*DATA EXCERPT*
+-------+
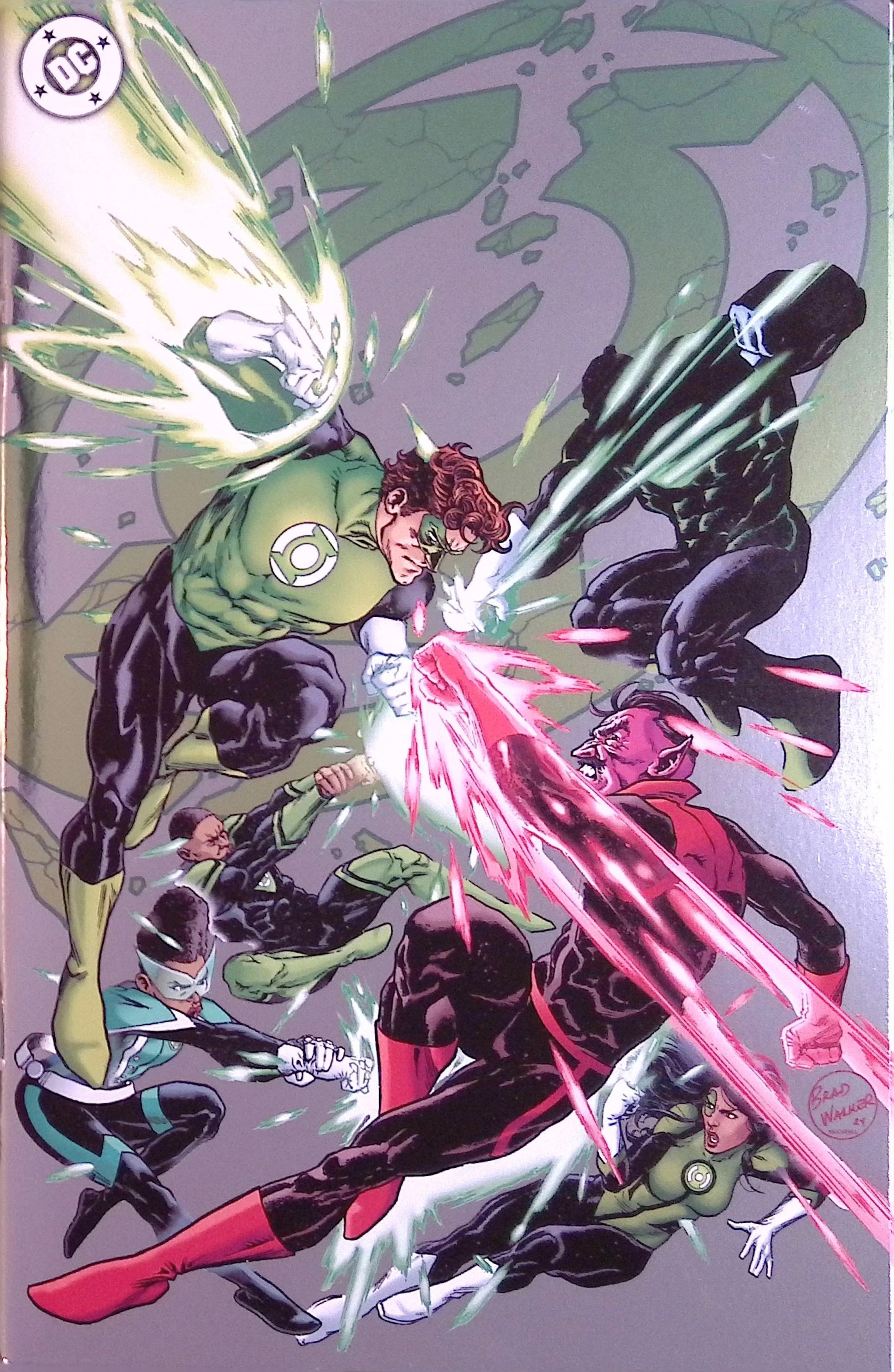 Green Lantern: Civil Corps Special # 1 Walker Foil Variant 2024 NM-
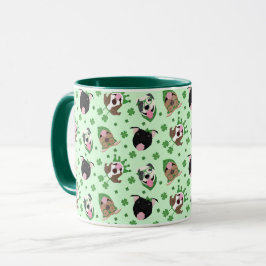Caneca Feliz Dia de São Patrício Pit Bull Cães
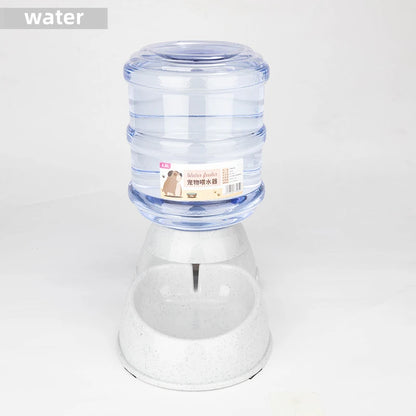 Bols d'alimentation de animaux de compagnie de grande capacité Small Chien Bowl de nourriture pour le distributeur d'eau automatique Bols de chat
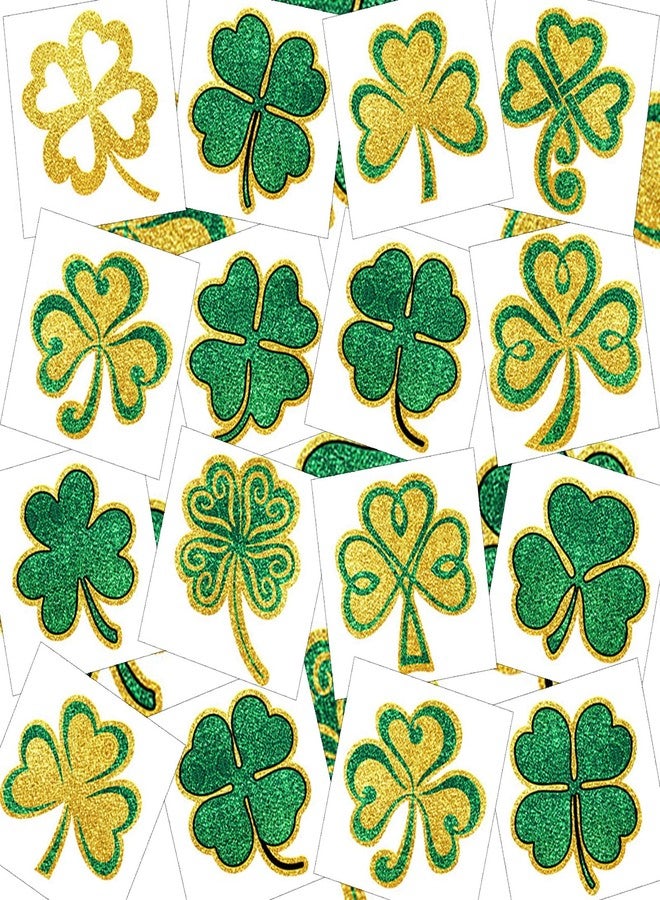 ZEYER St. Patrick's Day Temporary Tattoos Shamrock Gift Idea Decorations St. Patrick's Day Clover Irish Party Favors Decorative Suitable For Kids Teens Youth Adult Shamrock Tattoos - Image 1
+-------+
*WHAT YOU NEED TO DO*
Return every line shown above without changing a word, and skip the pictures.

*COMPLETED EXERCISE*
 Green Lantern: Civil Corps Special # 1 Walker Foil Variant 2024 NM-
Caneca Feliz Dia de São Patrício Pit Bull Cães
 Bols d'alimentation de animaux de compagnie de grande capacité Small Chien Bowl de nourriture pour le distributeur d'eau automatique Bols de chat
 ZEYER St. Patrick's Day Temporary Tattoos Shamrock Gift Idea Decorations St. Patrick's Day Clover Irish Party Favors Decorative Suitable For Kids Teens Youth Adult Shamrock Tattoos - Image 1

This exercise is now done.